En ce quarantième anniversaire de Mai 68, je m’en voudrais de ne point ajouter mon petit pavé aux barricades de nos mémoires. Nous étions alors une douzaine de techniciens cinéma oeuvrant dans un ancien couvent transformé en studio 21 rue Lhomond, non loin du Panthéon (auquel je suis rentré de mon vivant en 2002). Et à un jet de grenade lacrymogène de notre maison mère, l’Institut Pédagogique National, 29 rue d’Ulm. Ses 400 fonctionnaires s’étaient terrés dans leurs banlieusardes demeures, heureux de profiter de congés forcés. Seuls étaient restés le directeur et sa secrétaire. Mais le lieu – et ses salles de réunion – attiraient des centaines d’étudiants et d’instituteurs qui entendaient réformer la pédagogie en d’interminables assemblées.
Soucieux de ne pas laisser l’immeuble à l’abandon, nous étions tous venus l’occuper et en assurer la maintenance. Nos machinistes avaient récupéré le personnel de la cafétéria, et employaient notre camionnette à l’approvisionner pour quelques centaines d’affamés quotidiens. Vêtu de la combinaison vert foncé (destinée aux prises de vues d’animaux dans la nature), j’assurais l’entretien, des chasses d’eau au standard téléphonique. J’avais même sonorisé le grand hall, dotant les hôtesses d’un magnétophone à bande, employant une boucle où j’avais enregistré les six premières notes de l’internationale avec un xylophone ( !!!…). Cette sonnerie préludait aux annonces.

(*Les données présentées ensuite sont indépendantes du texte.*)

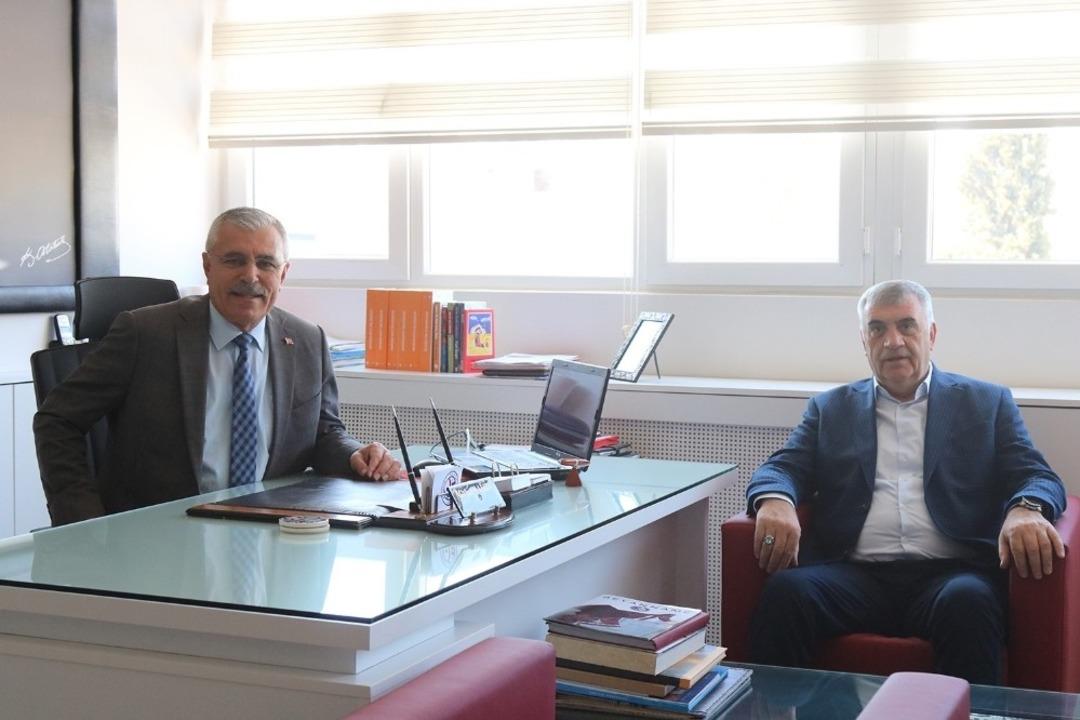 Başkan To&ccedil;oğlu: &ldquo;D&uuml;zg&uuml;n ve d&uuml;r&uuml;st olmayı ilke edinin&rdquo;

Or, un jour, dans la grande salle de projection, un individu m’interpelle : il m’avait reconnu et se souvenait de mon nom. C’était Guy Debord. Ne pouvant retrouver le moindre souvenir, il m’explique que, douze ans plus tôt, à l’automne 1956, nous étions ensemble dans la même chambrée à l’hôpital militaire de Vincennes. En fait il avait passé les trois semaines terré dans un coin sans parler à qui que ce soit. Et avait été réformé pour débilité mentale ; et ce, en pleine guerre d’Algérie. Moi-même fut déclaré apte à rejoindre mon corps en Allemagne ; mais j’avais profité de ce séjour pour étudier le manuel de médecine militaire de l’infirmier et pu par la suite éviter de participer à cette opération hautement critiquable. J’avais aussi, pour m’occuper, fait le « lapin de couloir », à transmettre les échantillons d’urine, d’un service au labo concerné. Ce qui m’avait permis, en permutant les étiquettes de faire déclarer enceinte un adjudant barbu. On me retira alors cette responsabilité. Depuis, j’avais eu connaissance des travaux de Debord, de la publication de la « Société du spectacle », et de la création de l’Internationale Situationniste. Nous étions d’ailleurs en relation directe avec des imprimeurs anarchistes de la rue Monsieur le Prince, qui se réclamaient hautement de ce mouvement.
Une autre forte personnalité nous avait rejoint. Félix Guattari, psy issu du mouvement du 22 mars, avait dans son carnet les numéros de téléphone de tous les grands quotidiens mondiaux ( Times, New York Herald, etc.) et avait à passer chaque jour des informations sur la situation dans Paris. Ne voulant pas le voir gonfler la note de téléphone de l’IPN, j’eus l’idée de brancher un des postes de la bibliothèque sur une des deux lignes appartenant à l’armée qui disposait de deux petits bureaux pour l’information des étudiants. Ils les avaient soigneusement fermés et avaient eux aussi disparus Faire la modification dans les circuits du standard était simple pour moi, qui remit tout en place en juin. Stupeur des militaires quand ils reçurent début juillet une facture de téléphone de plus de 50000 francs alors que leurs bureaux étaient intacts… Par la suite Guattari travailla à la clinique de La Borde près de Blois et lâcha Lacan pour Deleuze dont il devint l’ami. Il y mourut en 1992. Et, deux ans plus tard Guy Debord, souffrant d’une grave maladie de foie, se suicidait dans la maison savoyarde où il vivait avec sa femme.
Je n’ajouterais rien sur ce mouvement d’un romantisme extrême ; d’autres le font mieux que moi ; mais nous avions tous le sentiment d’avoir participé à un gigantesque mouvement de libération qui finalement nous a marqué profondément, même si, en surface, il ne semble pas en rester grand chose.